*What the task asks:*
Below are the records; restate word for word the lines from the first through the one containing "2021 Toyota VIN", and only those.

*Provided records:*
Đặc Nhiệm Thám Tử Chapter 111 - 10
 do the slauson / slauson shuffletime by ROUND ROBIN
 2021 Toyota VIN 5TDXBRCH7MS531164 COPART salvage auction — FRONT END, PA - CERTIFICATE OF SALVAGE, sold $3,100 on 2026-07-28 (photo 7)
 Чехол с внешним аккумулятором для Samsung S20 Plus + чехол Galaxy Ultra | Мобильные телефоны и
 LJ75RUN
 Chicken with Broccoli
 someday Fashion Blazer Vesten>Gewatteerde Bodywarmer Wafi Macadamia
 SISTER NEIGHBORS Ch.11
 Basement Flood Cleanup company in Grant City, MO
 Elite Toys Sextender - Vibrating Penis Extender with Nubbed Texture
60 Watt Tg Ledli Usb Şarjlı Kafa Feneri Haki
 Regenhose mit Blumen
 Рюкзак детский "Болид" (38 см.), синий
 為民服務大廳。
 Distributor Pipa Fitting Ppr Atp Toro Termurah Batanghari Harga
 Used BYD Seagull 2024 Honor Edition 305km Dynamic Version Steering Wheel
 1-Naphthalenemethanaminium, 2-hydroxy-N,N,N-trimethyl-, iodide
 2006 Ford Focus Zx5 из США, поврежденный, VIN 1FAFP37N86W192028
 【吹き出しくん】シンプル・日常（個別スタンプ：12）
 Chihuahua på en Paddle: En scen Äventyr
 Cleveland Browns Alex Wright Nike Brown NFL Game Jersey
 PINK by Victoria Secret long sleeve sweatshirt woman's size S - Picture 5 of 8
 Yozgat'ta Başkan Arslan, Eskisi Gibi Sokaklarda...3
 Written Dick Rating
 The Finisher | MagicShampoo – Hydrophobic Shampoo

*Response area:*
Đặc Nhiệm Thám Tử Chapter 111 - 10
 do the slauson / slauson shuffletime by ROUND ROBIN
 2021 Toyota VIN 5TDXBRCH7MS531164 COPART salvage auction — FRONT END, PA - CERTIFICATE OF SALVAGE, sold $3,100 on 2026-07-28 (photo 7)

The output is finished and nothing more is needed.